El domingo vuelvo en cercanías, me bajo en Aluche, hace siglos que no paso por allí. Justo desde que acabé de estudiar en la misma facultad de la que salieron todos los profesores de la Complutense. Hoy todo resulta más conocido, paso los controles con soltura, saludo a los vigilantes como si fueran mis amigos. Incluso me atrevo a soltar un chiste en la sala de prensa que es recibido con escepticismo. Antes de empezar un hombre que se llama Luis se me acerca, es canario, barba de tres días, sesenta años. Le ha traído unos cartones de tabaco a un amigo pero este no ha aparecido, así que pregunta a ver si alguien quiere. Me enseña lo que fuma, una cajetilla roja llamada Patria. Le digo que seguro que ese le gusta a Errejón. Ríe y me dice que cree que “se ha pasado tres pueblos, que eso era ponerle la alfombra roja al PSOE”. A pesar de todo quiere que se arreglen los problemas internos. Ve que soy de La Marea y me dice que ve a mi compañero en la tele, que está bien que dé caña pero que le sacan tarde.
Vista la aglomeración de cámaras y fotógrafos cerca del escenario decido que es hora de volver a colarme en la pista. Saludo a tres periodistas y les pregunto si creen que habrá filtraciones. Uno de ellos me responde que sí, que sería raro que no las hubiera. Y me lo dice con cara de póker, porque ya sabe algo. Les deseo buen día y ellos, amables, me devuelven la cortesía. Creo que no saben quién soy. Me incorporo detrás de la barrera de informadores gráficos que esperan que aparezca la dirección del partido y veo cómo Espinar se abraza con alguien muy sonriente y efusivo. A los pocos minutos leo ya en los medios que Iglesias ha laminado a Errejón. Leo también en un guasap de alguien, visto por encima de su hombro, algo así como: “menuda paliza, en el fondo me da pena”. Llegan los líderes, juntos pero ya distanciados, en esa diferencia de expresión y cuerpo que tienen los ganadores y los derrotados. Estiro el brazo y hago algunas fotos, para que no se note, aún más, que no soy de la tele.

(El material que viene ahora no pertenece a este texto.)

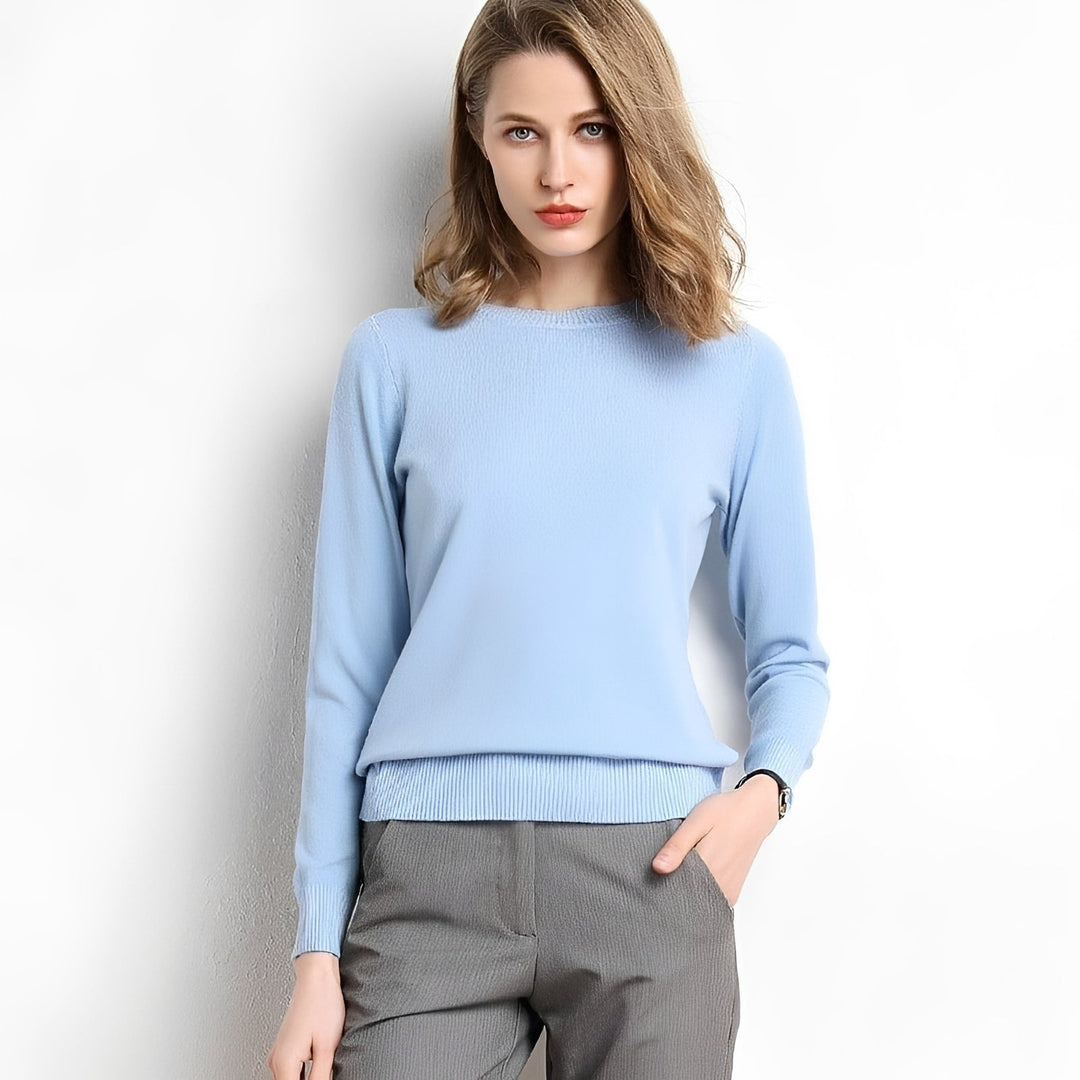 Suéter feminino Livana, pulôver macio e confortável, ideal para dias frios e look casual.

Y de ahí a cierto momento dulce, a la culminación de la gala, que es lo que el público llevaba esperando desde hace unas semanas. Echenique empieza a dar los nombres de los elegidos al consejo ciudadano y según se aproxima a los conocidos la grada le interrumpe con el “Sí se puede”, ese comodín de alegría que viajó del fútbol a la política. Incluso la pista, toda de pie, se ve hoy más popular y menos atenazada que ayer. Se han quitado todos el peso de encima, hasta a los que no les ha salido bien la jugada. A Errejón se le vuelve a gritar unidad, dándole la explicación de qué es lo que ha entendido el respetable. A Iglesias ya solo se le tributa devoción. Es raro estar en un lugar donde todo el mundo se muestra tan contento y verlo desde fuera, sin tomar partido emocional, sin turbarse lo más mínimo. Da una extraña y agradable sensación de invisibilidad.
Levanto los ojos y veo que ya estoy llegando a Fuenlabrada. He conseguido mantener la tablet y el teclado con gran maestría sobre mis rodillas todo el viaje, mientras que acababa de escribir esto. El resto del vagón va dormido o absorto, indiferente. Una mujer rubia, a mitad de sus cincuenta y con unos cascos azules baratos mira por la ventana. Las gotas corren en el cristal en el sentido inverso de la marcha. El tren se mueve como un paquidermo gigante sobre las vías. Aquí, todo lo que he visto estos dos días queda ya muy atrás.